Stresa is the 19th century Grand Tour destination par excellence, when wealthy foreigners chose the location as a first taste of beautiful Italy. Colourful flower-filled gardens, gorgeous views, timeless villas, good food and friendliness together with the climate remain Stresa’s appeal for discerning travellers.
The name of Stresa appeared for the first time written on a sales card dated January 15 in the year 998 as “STRIXSYA” and the same year a historical parchment bore the name Strixia, later it became Strexia and only much later the more familiar Stresa.
The Comune, or municipal township and its territory are divided into four areas, partly coastal, partly insular, partly hilly and partly mountainous.
The coastal part overlooks Lake Maggiore, with its charming town centre, and the hamlet of Carciano, the insular part includes three of the four Borromean Islands (Madre, Bella, Pescatori).
The hills include a series of picturesque little villages and hamlets high above Lake Maggiore (Levo, Binda, Campino, Passera, Someraro, Vedasco, Brisino and Magognino). The mountain part includes the popular local ski resort of Mottarone, the mountain pastures and the Alpinia botanical garden.

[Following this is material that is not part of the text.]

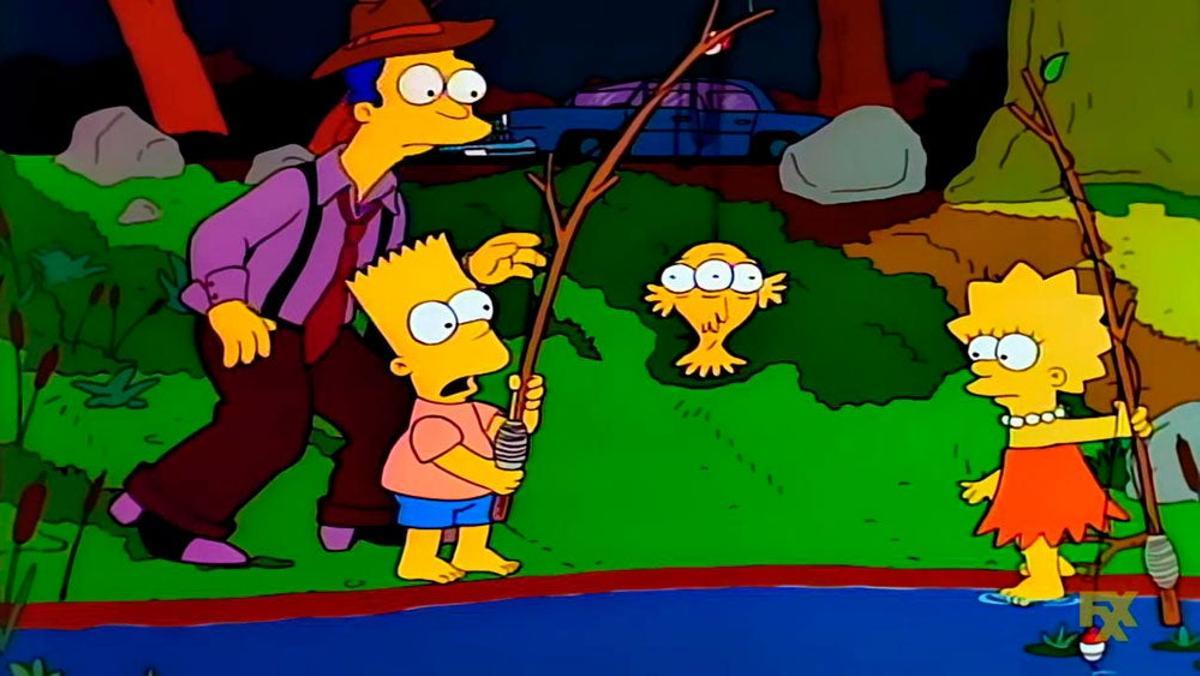 Bart y Lisa Simpson pescan un pez de tres ojos en un capítulo de la segunda temporada de 'Los Simpson'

The cable car connection goes up to the peak, 1491 metres above sea level, with its ski-lifts.
Music weeks in Stresa
Stresa’s music weeks go back to 1961 thanks to Italo Trentinaglia de Daverio, a lawyer of noble birth from Venice, who had always lived in close contact with music.
His father, Erardo, had made a career of music and was Director General of the famous Milan theatre La Scala, superintendent of theVenice’s Fenice and also a composer. The Trentinaglia family owned a villa in Stresa where illustrious musicians and writers often met, among whom Arturo Toscanini, Umberto Giordano and Gianandrea Gavazzeni, all attracted by the natural beauties of Lake Maggiore.
During one of his stays in the family villa, in the autumn of 1961, Italo Trentinaglia decided to create an annual event, one which would make Stresa the seat of an international classical music festival such as those which have made several of Europe’s most beautiful locations even more famous.
On 27 August 1962 Stresa’s Musical weeks were inaugurated with a concert performed by the Orchestra of the Theatre La Scala, directed by Nino Sanzogno; some of the world’s most famous musicians have performed in following editions of the event.
The young winners of the musical competition, held during the Musical Weeks, have gone one to become world famous concert performers, such as Michele Campanella, Garrick Ohlsson, Christoph Eschenbach, Murray Perrahia, Jeffrey Swann, and more recently Andrea Lucchesini, Maurizio Zanini and Nikolaj Znaider.
The Stresa Music Weeks are part of the European Association of Festivals.